Dans le cadre de sa « Campagne NDONDEZA contre les disparitions forcées au Burundi », le FOCODE ne cesse de recevoir des messages évoquant des cas de personnes disparues après leur arrestation ou plutôt enlèvement par des agents des services de l’Etat burundais (Police, Armée, Service National de Renseignement). Le nombre impressionnant de cas encore sous analyse révèle l’ampleur inquiétante de ce phénomène qui, jusqu’ici, ne suscite aucune réaction des autorités burundaises.  Le cas présent concerne l’enlèvement suivi de la disparition de Monsieur Rémy MATABURA à l’aube du 17 avril 2016 à son domicile sis à la colline MUGOMERA en commune Mugamba de la province Bururi (Sud du Burundi).

A. Identité de la victime

  1. Fils de Jean BARENGAYABO et de Marie KAMIKAZI, Rémy MATABURA est né en 1970 sur la colline Mugomera, zone Vyuya de la commune Mugamba en province de Bururi. Marié et père de quatre enfants, chauffeur de profession mais sans emploi depuis quelques mois, Rémy MATABURA vivait sur sa colline natale avec sa famille (son épouse et ses enfants) et c’est là qu’il fut enlevé.

B. Appartenance politique de la victime.

  1. La famille et les voisins de Rémy MATABURA sont unanimes pour dire qu’il ne s’intéressait ni de près ni de loin à la politique. Il exerçait le métier de chauffeur et il n’avait pas d’emploi depuis quelques mois.
  2. Selon toujours les sources contactées par le FOCODE, Rémy MATABURA n’a jamais participé aux manifestations pacifiques contre le 3ème mandat de Pierre NKURUNZIZA.

C. Eléments du contexte

  1. D’après des informations recueillies auprès de sa famille et de ses proches, samedi le 16 avril 2016, Monsieur Rémy MATABURA était avec des amis dans un débit de boisson du petit centre de négoce de sa colline MUGOMERA quand deux personnes qu’aucun résident de la place n’a pu identifier sont arrivées. Ils ont commandé de la bière pour eux-mêmes et pour quelques-unes des gens qui se trouvaient là dont Rémy MATABURA.
  2. MAHEKE, un imbonerakure de la place, fils de MARERWA et de Spès MANIRAMBONA, voyant ces deux personnes « inconnues » appela l’administrateur de la commune M. Anicet NIYONZIMA et lui dit qu’il y avait à MUGOMERA deux personnes suspectes. Dans l’entre-temps, les deux hommes, qui ne se souciaient de rien parce que ne sachant pas que MAHEKE avait appelé l’administrateur pour les arrêter, ont pris une moto-taxi et sont partis pour MATANA.
  3. Quand l’administrateur arriva à la tombée de la nuit, Rémy MATABURA était déjà rentré chez-lui. Anicet NIYONZIMA, administrateur communal, ayant appris que les « deux inconnus » étaient partis pour le chef-lieu de la commune MATANA à deux kilomètres de MUGOMERA, décida de s’y rendre à leur recherche.

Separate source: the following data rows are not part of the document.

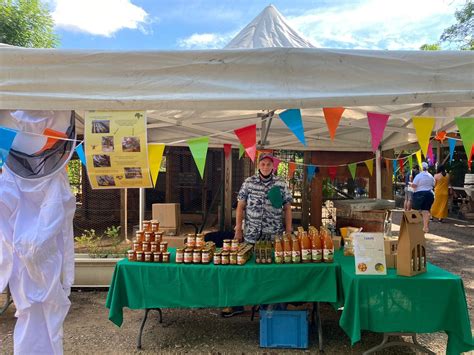 ESAT Du Val D Europe Stand Gourmand Pour Les 25 Ans Du Parc Hi Han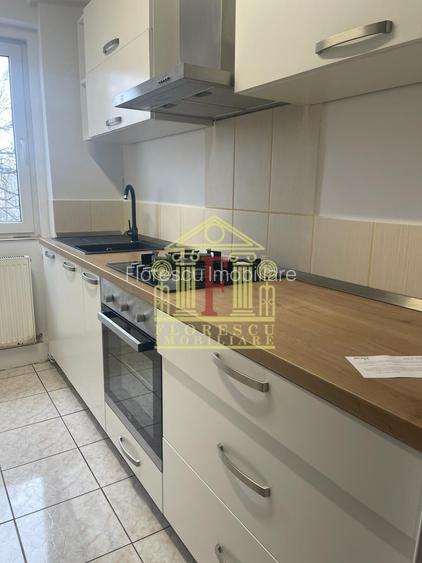 Apartament cu 2 camere! Podu Ros! - 3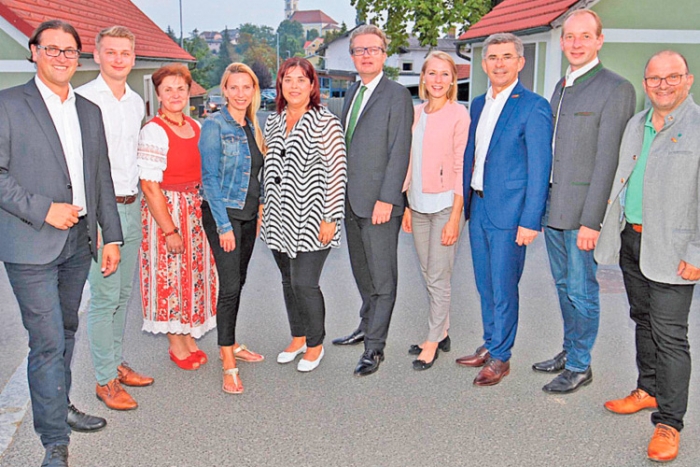 Die NR-KandidatInnen mit Bezirks-GF Felber, LAbg. Fartek u. Gangl, Bgm. Konrad, LR Drexler.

D. Enlèvement et disparition forcée de Rémy MATABURA.

  1. Dimanche 17 avril 2016 à l’aube, vers cinq heures du matin (GMT+2), des agents de la police à bord d’une camionnette double-cabine sans plaque d’immatriculation, guidés par l’imbonerakure MAHEKE, lui aussi en uniforme de la police, arrivent au domicile de Rémy MATABURA, foncent la porte et le prennent par force. Ils lui bandent les yeux et l’embarquent vers une destination inconnue.
  2. Deux choses que la famille et les voisins de Rémy MATABURA ont pu constater, c’est la présence de MAHEKE en uniforme de police et la direction qu’a pris la camionnette qui l’a emmené : direction Mugomera-Matana.
  3. Le rapport n°19 de SOS-Torture Burundi a évoqué, à la page 3, l’enlèvement de Remy MATABURA en ces termes :

« Deux hommes du nom de Rémy Matabura et Prosper Sinzinkayo ont été arrêtés très tôt le 17 avril 2016 à leurs domiciles sur la colline Mugomera, commune Mugamba, province Bururi (sud du pays). Les proches s’inquiètent car les hommes en tenue de la police et de l’armée qui les ont emmenés ne sont pas connus des habitants et se déplaçaient dans un véhicule sans plaque d’immatriculation. Ils ont pris la route menant à Matana mais les familles et proches ignorent leur lieu de détention et craignent pour leur sécurité. Ils dénoncent des arrestations arbitraires aux allures d’enlèvements.»[1]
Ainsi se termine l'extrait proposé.